About My Husband
BY KHADEEJA SAYED MOHAMMED
Extract from Smaraka Grantham (Memorial Book) - 1976 Edition
If I have to write about my dear husband, it would cover an entire book. When my brother Dr C.K Kareem requested me to write a preface to the memorial book of my husband, I reminisced the event and the words of my late husband, which he said few years back
This event happened when we read a memorial article about Sri Changampuzha by his wife. I complained about the writing and said, "Why is this lady telling all these events ? The respect that people have for Sri Changampuzha would diminish after reading it". To this, he responded "You can also write similar articles about me after I am gone and society will require that from you". How prophetic those words were ? Behold, I am asked to write an article about my late husband.
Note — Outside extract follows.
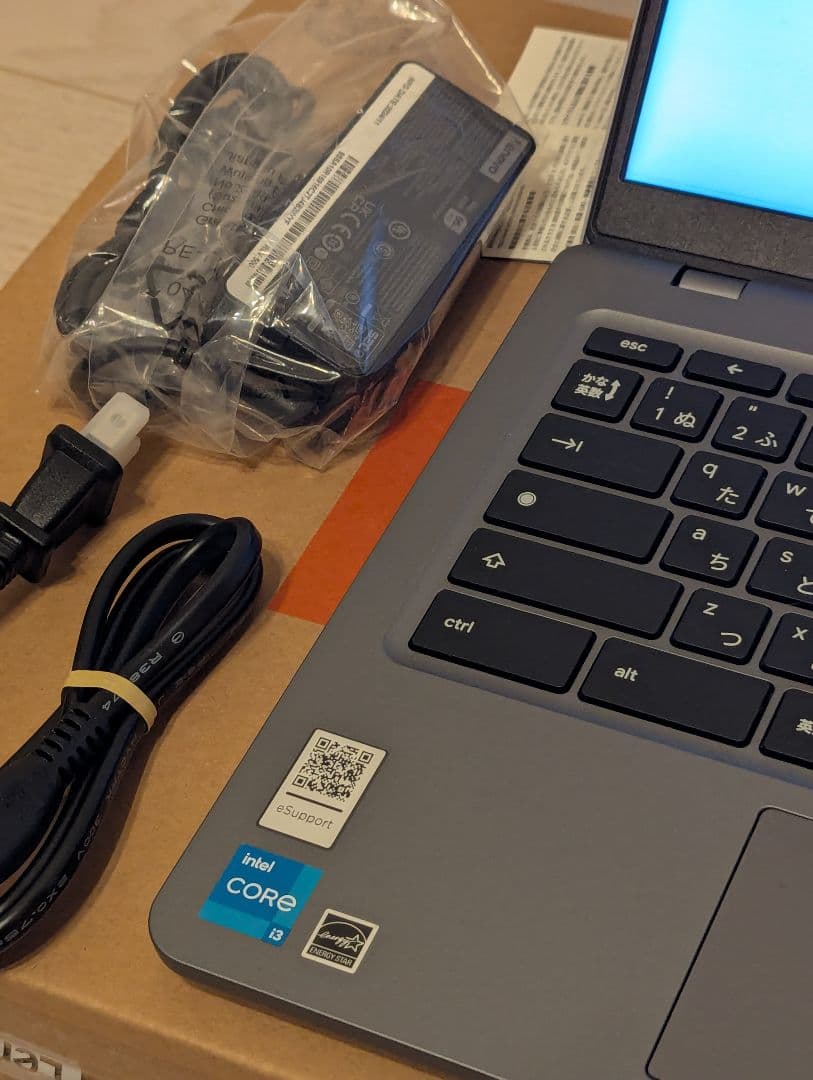 レノボ Chromebook Plus IdeaPad Slim 3i Gen8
But I do not have any words to explain my late husband. My heart beats in the memories that I spend with him. Those great memories have been giving me life, all these while. The life we spend together were a mere seventeen(17) years. But I have a great inner satisfaction that he gave me the best life any women can desire in this world. It should not be surprising to know that we never had any differences of opinion, in these seventeen years. He always considered life to be enjoyed and all his words were mingled with that essence of wit and humour, which he cultivated.
During our early days of our marriage, I always used to think about what would happen to our family life mixed with his social services. As he always focused on enjoying life, I never had to endure any difficulties or issues in our marital life. This is because when I came to know of my husband's social circles and his desires, I could easily relate to that and move ahead. If I have been able to do anything in my public life , it is solely due to the encouragement I received from him. His philosophy was to help anyone who needed it and If possible go to the maximum extent with a good heart.
He had a great disciplined life. He used to sleep before 10:00 PM (sometimes before 9:00 PM) and get up early, at 4:00 AM as a daily routine. Even if he was discussing something with his close friends, he would plainly tell them after 9:00 PM, that it's time for bed. His readings and writings all happened during the early morning hours. Sometimes, he would wake me up to help him in his writing passion. He used to tell me that his handwriting is not good and therefore he wanted me to write, while he dictated. I was also quite happy to help him in his work.
He was of the opinion that a wife should know the social circle and the interactions of her husband. We used to frequently share the interactions we have in our respective work places. Moreover he used to tell that the peace within the family and mutual respect is the basis of a strong family foundation.Our marital life was lived based on his vision of a sound family.
As you are aware that he had a large friend's circle. I therefore had great opportunities to know them and their families, in this short span of 17 years. If any of his friends were having difficulties and during our mutual discussion, if I happened to voice a different opinon about them , he would retort and tell me that "I have few good friends and that is my asset". He used to greatly love his friends. And these friends and their families became a great help for me, later in life.
He used to respect and loved entertaining guests. Every month, our expenses were not in line with our income. If I prepare a monthly budget, we never were able to contain our expenses accordingly. Everytime we agree to control our budget, but it never was an achieveable target. I tried my level best to control the expenses. But my husband never considered these constraints when it came to entertaining the guests. He used to say very often. "Give good education and food to the kids and the rest will fall in line. While we live, let us enjoy it. There is no point in accumulating money."
He was victorious in all facets of life.But he could not overcome death in his life. He was happy, till his very last day on this earth. Even during the last moment, his worry was always about me and my life after his passing away. I think, he did not understand the fact that he would die so soon. He left me with three little daughters. But I always believed that his spirit is always with me. That is the inspiration for my life. I pray that Allah give him eternal peace.